**THE DATA**
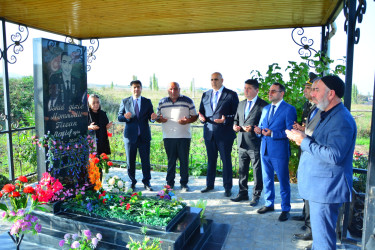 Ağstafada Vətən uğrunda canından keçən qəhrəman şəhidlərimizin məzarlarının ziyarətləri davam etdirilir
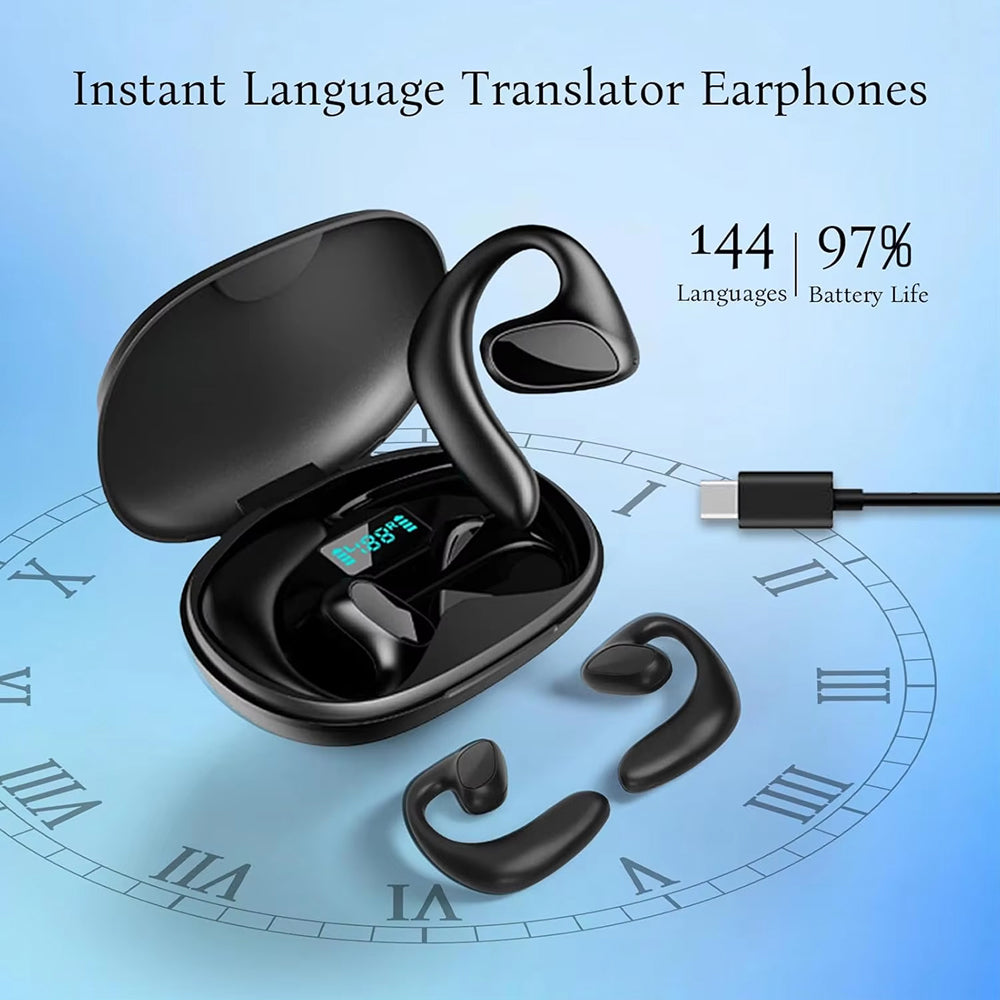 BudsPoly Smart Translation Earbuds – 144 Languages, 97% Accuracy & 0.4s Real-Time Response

...

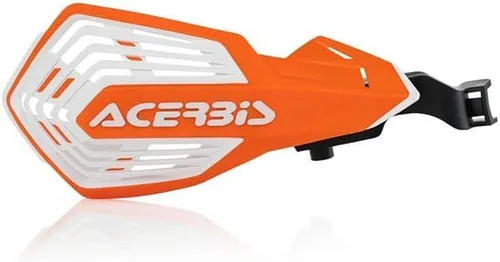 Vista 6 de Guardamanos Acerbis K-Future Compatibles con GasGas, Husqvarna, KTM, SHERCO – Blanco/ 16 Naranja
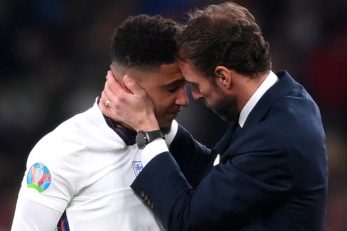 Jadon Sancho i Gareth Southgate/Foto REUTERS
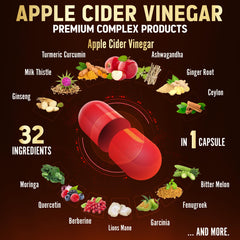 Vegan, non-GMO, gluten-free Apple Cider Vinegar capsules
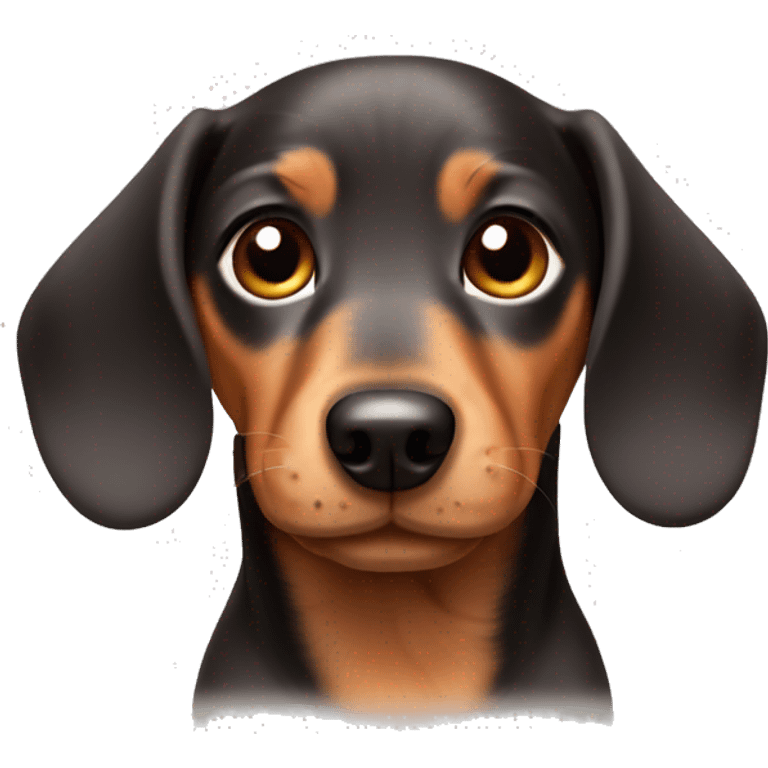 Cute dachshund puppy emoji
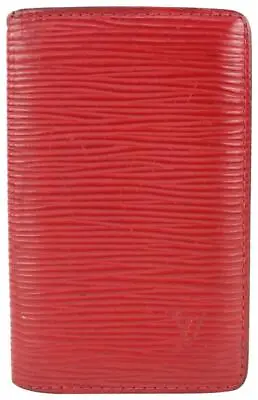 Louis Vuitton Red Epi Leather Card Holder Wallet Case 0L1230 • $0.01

**EXERCISE DESCRIPTION**
Everything above from the line with "Vista 6 de Guardamanos" through the line with "Louis Vuitton Red" should be retyped exactly, and nothing else; omit pictures.

**EXERCISE RESPONSE**
 Vista 6 de Guardamanos Acerbis K-Future Compatibles con GasGas, Husqvarna, KTM, SHERCO – Blanco/ 16 Naranja
 Jadon Sancho i Gareth Southgate/Foto REUTERS
 Vegan, non-GMO, gluten-free Apple Cider Vinegar capsules
 Cute dachshund puppy emoji
 Louis Vuitton Red Epi Leather Card Holder Wallet Case 0L1230 • $0.01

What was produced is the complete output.